PROBLEM REQUIREMENTS - Transcribe only what runs from the line containing "Womens Classic Wide" through the final line below, exactly, and leave every picture out.

[Stored data entries]
= Beginning of Section =

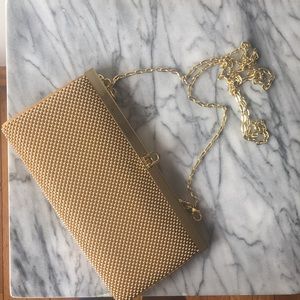 Gold Clutch Purse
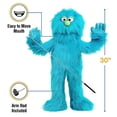 thumbnail image 4 of 30" Blue Monster Puppet, Full Body Ventriloquist Style Puppet, 4 of 6
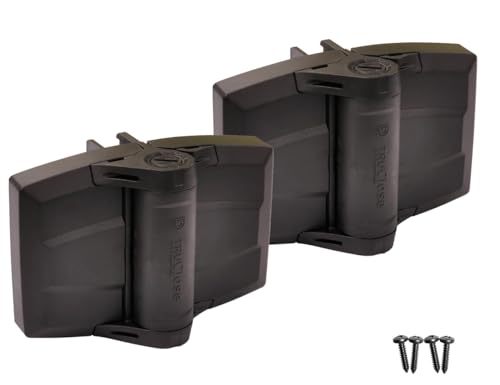 D&D TCHDMA1S3BT TruClose Mult-Adjust Heavy Duty Gate Hinge, Black, 2 pcs - color: Series 3 Black
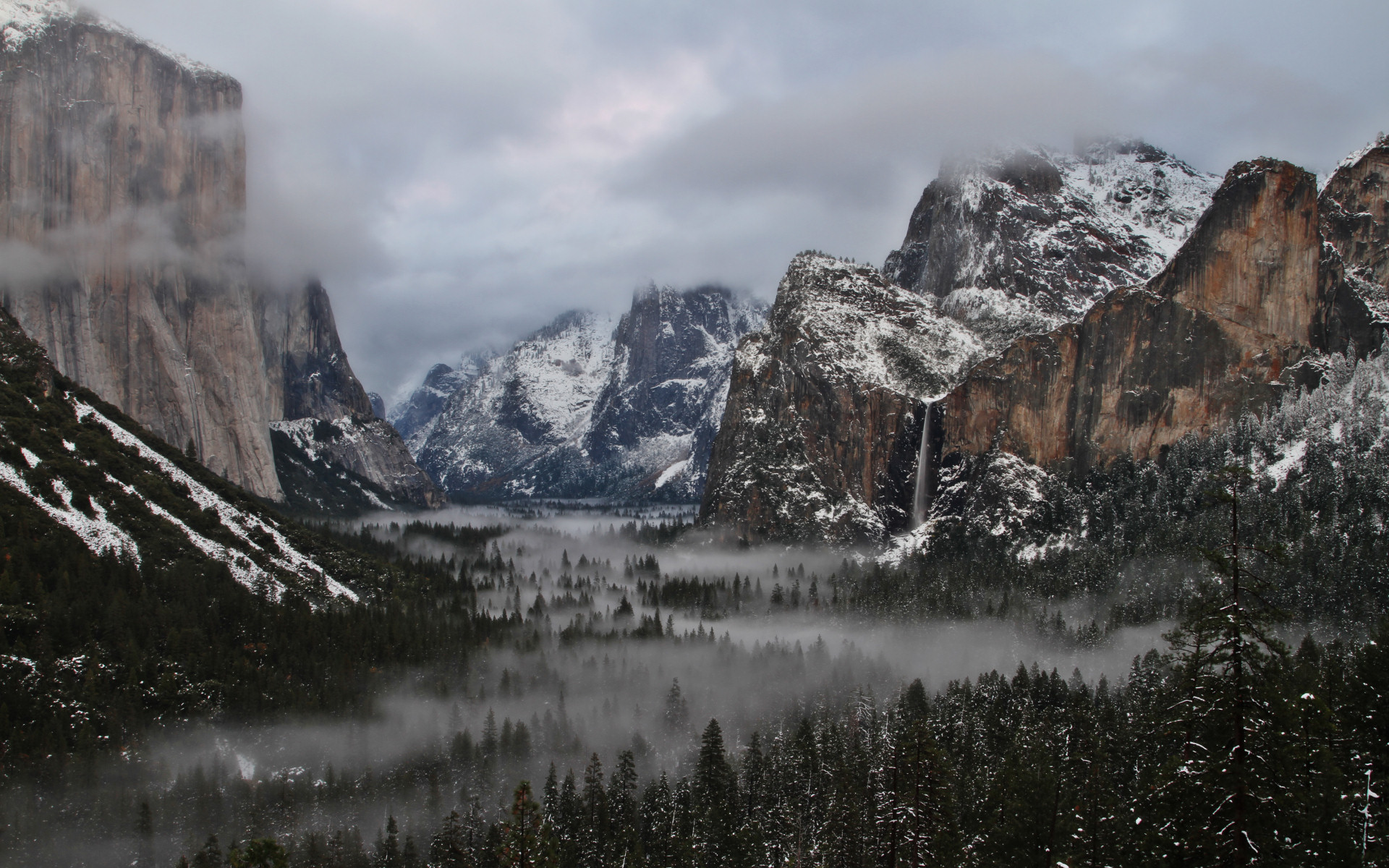 Yosemite Wallpaper Valley In Winter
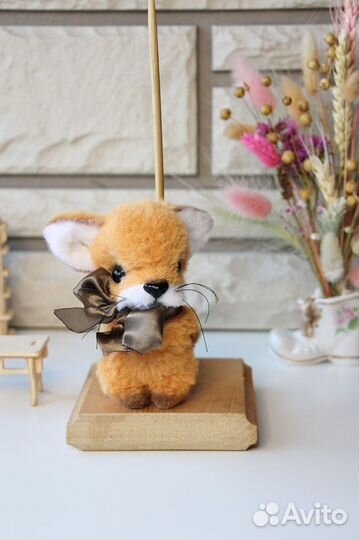 Пушистые игрушки ручной работы котята,лисы,зайцы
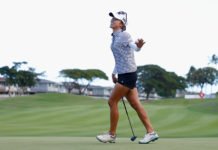 Victory – In Her Own Words Lydia Ko reacts after her final putt on the 18th green to win the LPGA LOTTE Championship at Kapolei Golf Club on April 17, 2021 in Kapolei, Hawaii. (Photo by Christian Petersen/Getty Images)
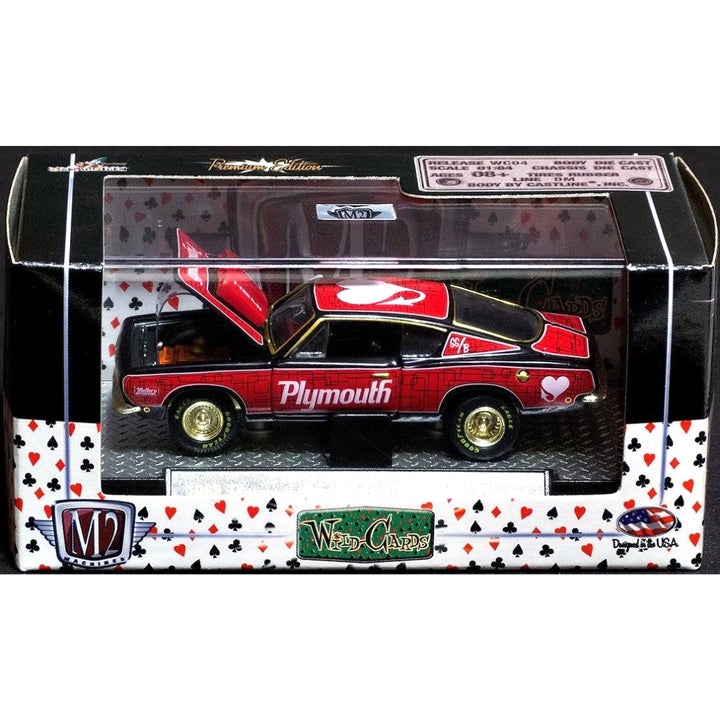 1968 Plymouth Barracuda HEMI Super Stock – Red & Black (Valentine Hearts Livery, Box Packaging)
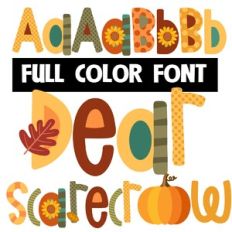 Dear Scarecrow Color Font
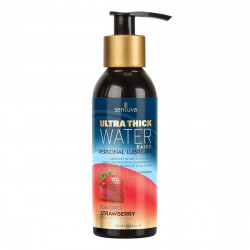 Густа змазка на водній основі Sensuva UltraThick Water-Based Strawberry (125 мл) без парабенів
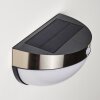 Basra Solarleuchte LED Chrom, 1-flammig, Bewegungsmelder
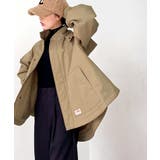 おめかし感100%。中綿入りラウンドヘムフレアマウンテンパーカー | Classical Elf | 詳細画像10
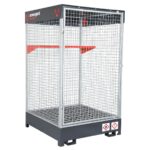 Armorgard DRC4 Drum Cage COSHH Compliant Hazardous 1280mm x 1220mm x 2100mm Substances Storage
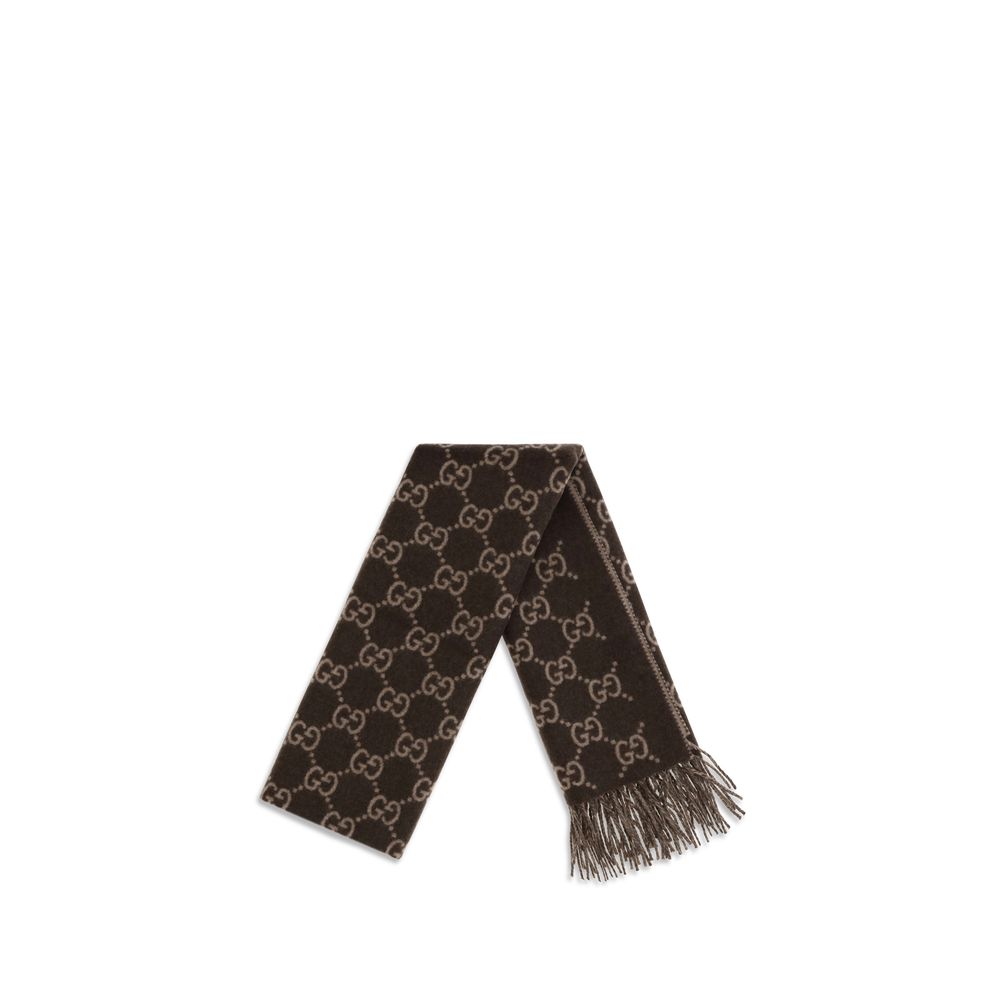 Gucci Brown Cashmere Scarf | Regal Royce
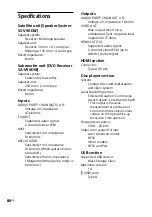 Preview for 86 page of Sony MHC-V90DW Operating Instructions Manual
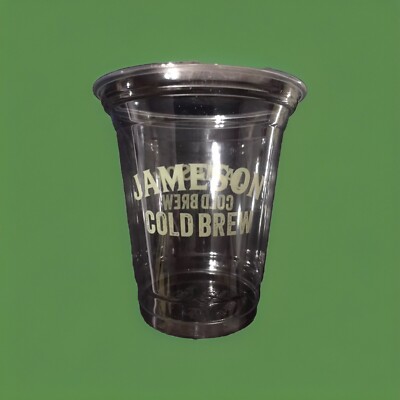 Jameson Cold Brew 15oz Plastic Cups And Lids Set Of 25 Free Ship USA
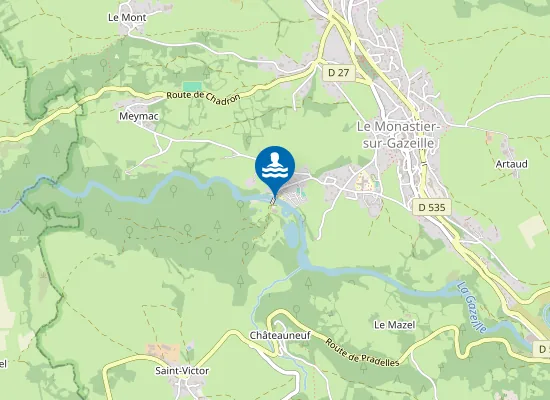 Map of PLAN D'EAU DU MOULIN DE SAVIN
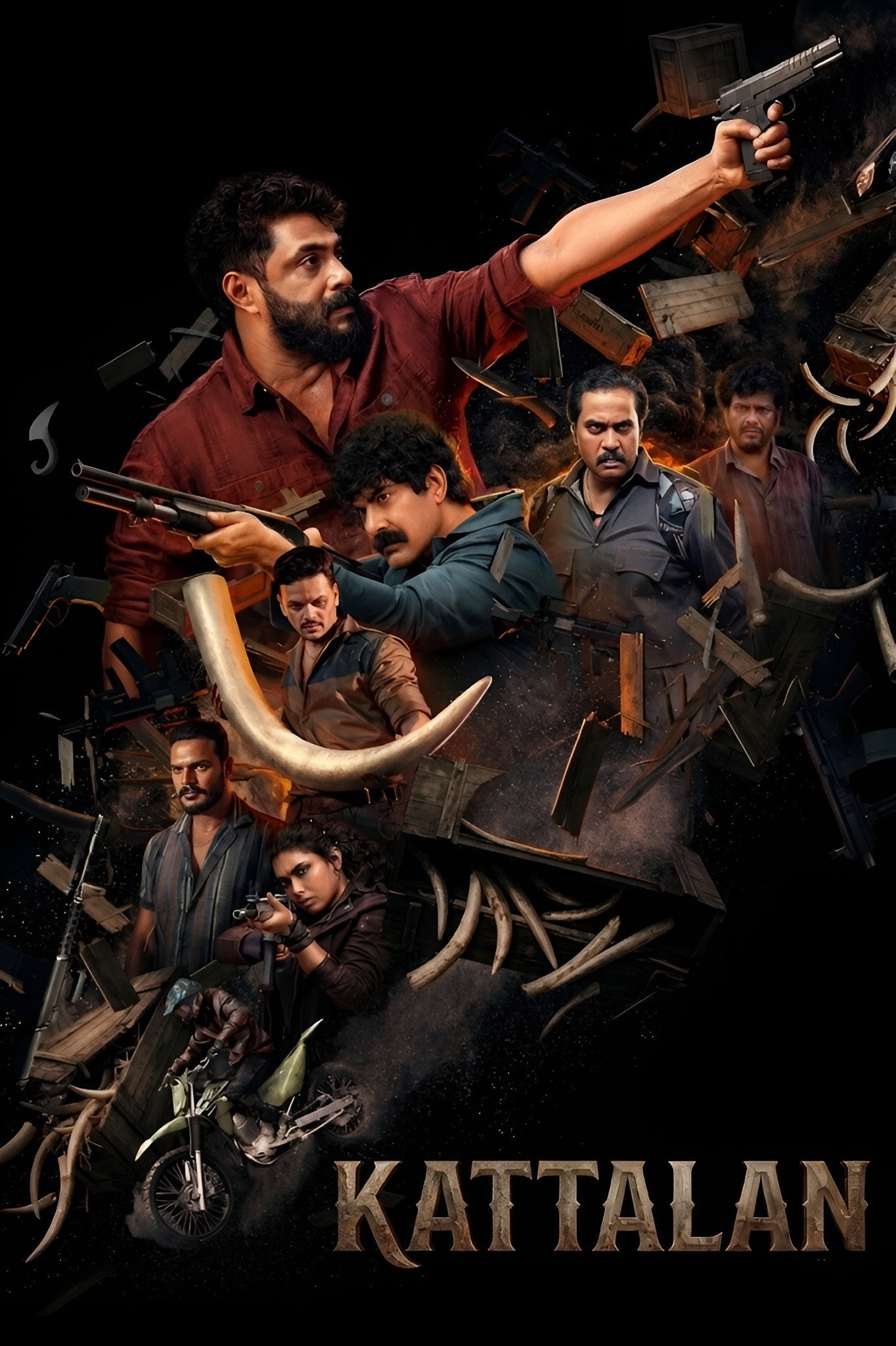 Kattalan Hindi Dubbed Movie Poster (2026)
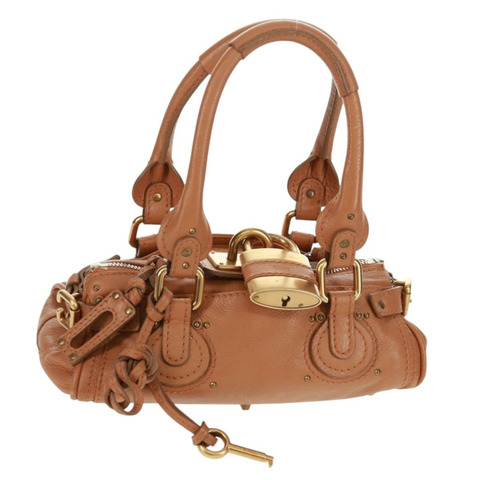 Chloe Paddington 手提包 真皮 棕色 金銀色 正品 ep13039SAV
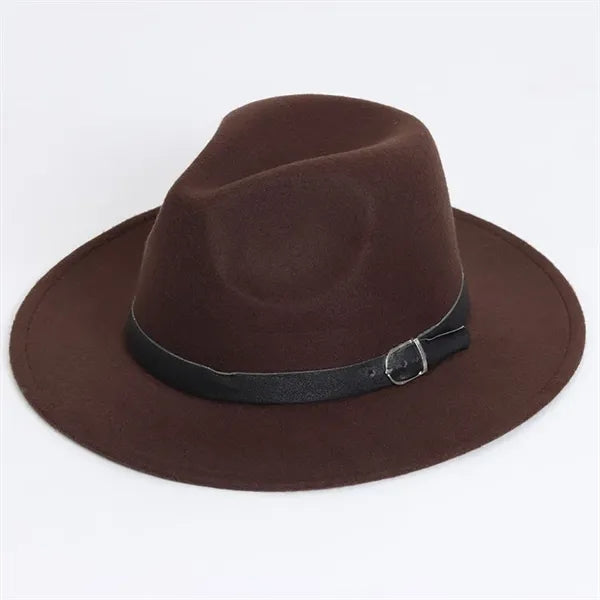 Womens Classic Wide Brim Floppy Panama Fedora Hat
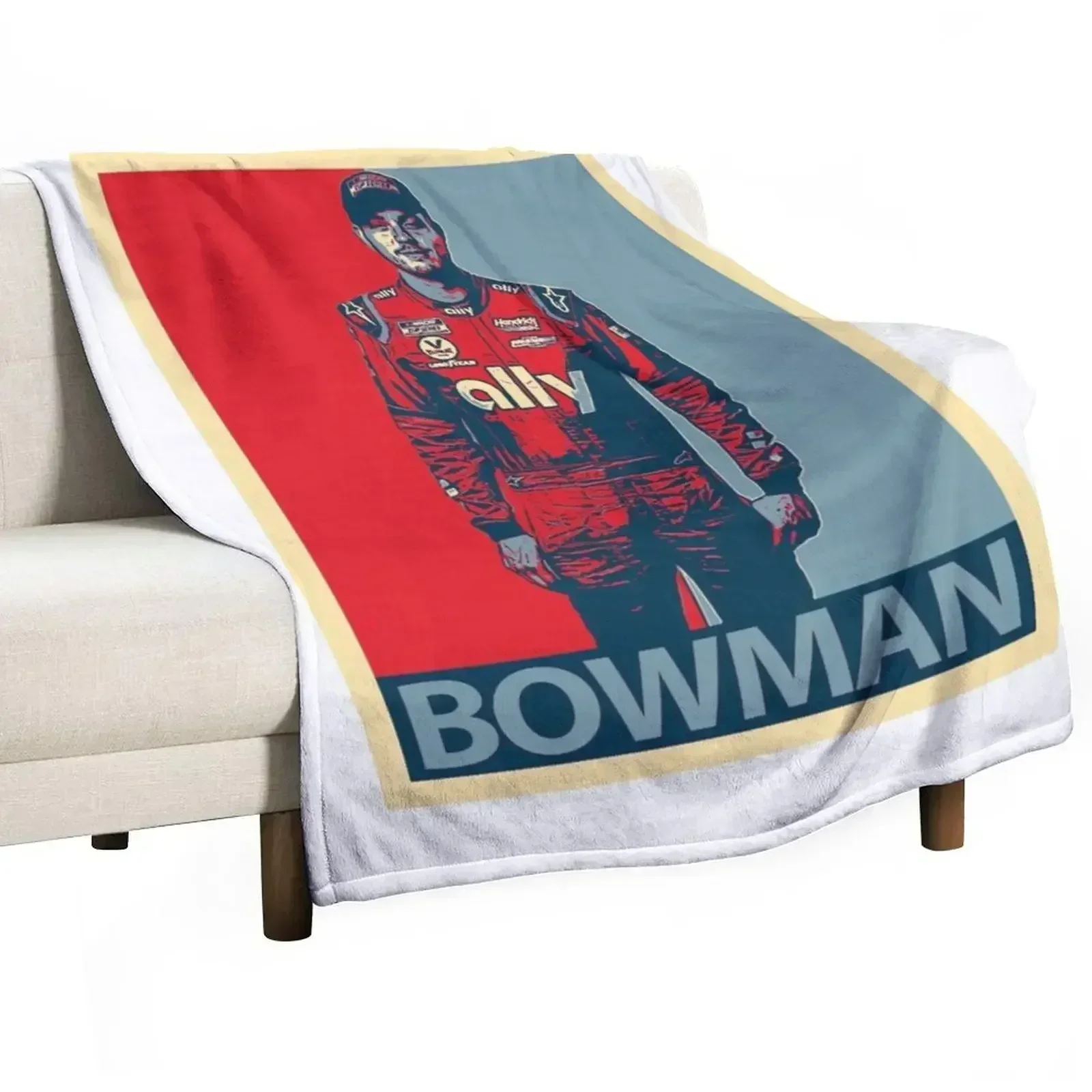 Alex Bowman trending Throw Blanket Hairys Bed linens Custom Summer Softest Soft Plaid Blankets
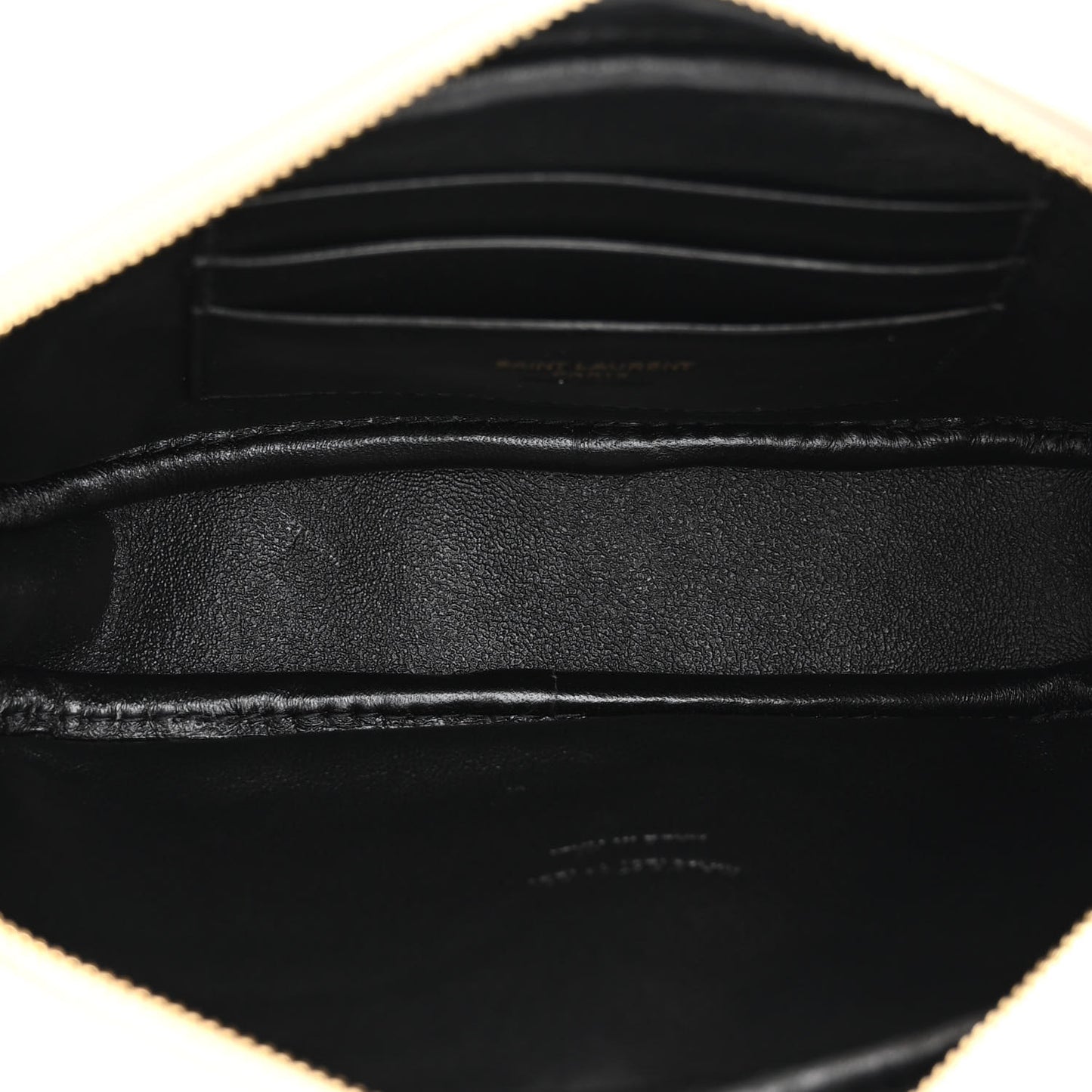 Grain De Poudre Matelasse Monogram Mini Lou Camera Bag Crema Soft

= End of Section =

EXERCISE ANSWER -
 Womens Classic Wide Brim Floppy Panama Fedora Hat
 Alex Bowman trending Throw Blanket Hairys Bed linens Custom Summer Softest Soft Plaid Blankets
 Grain De Poudre Matelasse Monogram Mini Lou Camera Bag Crema Soft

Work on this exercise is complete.